В исследованном нами банке в Цюрихе фондовой торговлей, торговлей облигациями и валютой занимаются около двухсот трейдеров. Торговцы валютой сидят за «столами», выстроенными в ряды по 6-12 столов в каждом. В их распоряжении несколько технологий, в том числе «голосовой брокер» [voice broker] (голос брокера озвучивается двусторонней системой связи, постоянно объявляющей цены и заявленные сделки) и телефон с экраном [screen-like phone]. Однако прежде всего бросаются в глаза примерно пять мониторов, стоящих перед каждым трейдером, - они показывают состояние рынка и помогают вести торговлю. Когда каждое утро трейдеры приходят на работу и «пристегивают ремни», они буквально впиваются глазами в свои мониторы, следя за информацией на них, даже когда они разговаривают или перекрикиваются друг с другом. Их тела сливаются с миром их мониторов, они целиком погружаются в него. Мониторы же, в свою очередь, показывают ситуацию на рынке, который существует только на этих мониторах5, и здесь рынок в максимальной степени приближается к локально порождаемому феномену - в этнометодологическом смысле, если под «локальным» понимать ограниченность специфическим пространством. Сами мониторы по своей сути, конечно же, не локальны, а глобальны: они воспроизводят совершенно идентичное изображение на всех торговых площадках банков «одной группы» [«same tier» banks], которые связаны друг с другом телефонными линиями, общими информационными технологиями, а также системами заключения сделок и обмена информацией таким образом, что трейдер, улетевший сегодня в Токио, может завтра продолжить там свою работу. Рынок формируется этими производимыми-и-анализируемыми дисплеями [produced-and-analyzed displays], к которым привязаны трейдеры. В этих мониторах - «суть» рынка, выраженная их знаково-письменной поверхностью, или, как мы будем говорить далее, «жестовой поверхностью-в-действии» [gestural face-in-action].

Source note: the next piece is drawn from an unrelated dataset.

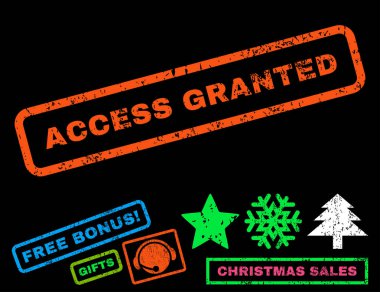 Lastik damgası erişim izni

Все вышесказанное может служить отправной точкой для более детального анализа нескольких характеристик рынка как «объекта-на-экране», при этом внимание будет уделено эпистемическому [epistemic] характеру этого объекта, его самостоятельному существованию в качестве «жизненной формы» [lifeform], а также его жестовой поверхности [gestural face]. Начнем с первого вопроса: в каком смысле мы можем назвать «рынок-на-экране» эпистемическим объектом? И что вообще такое эпистемические объекты? Представьте, что рынок на экране состоит из нескольких рядов окон и групп дисплеев, распределенных по нескольким рабочим станциям и компьютерам. Для трейдеров главным свойством этих дисплеев и средоточием всего рынка являются цены дилеров, показываемые «электронным

5 Основное средство существования подобного рынка - это монитор. Однако в случае продолжительных сбоев в работе компьютеров участники рынка могут переключаться на телефонную связь и с ее помощью связываться с клиентами и узнавать цены.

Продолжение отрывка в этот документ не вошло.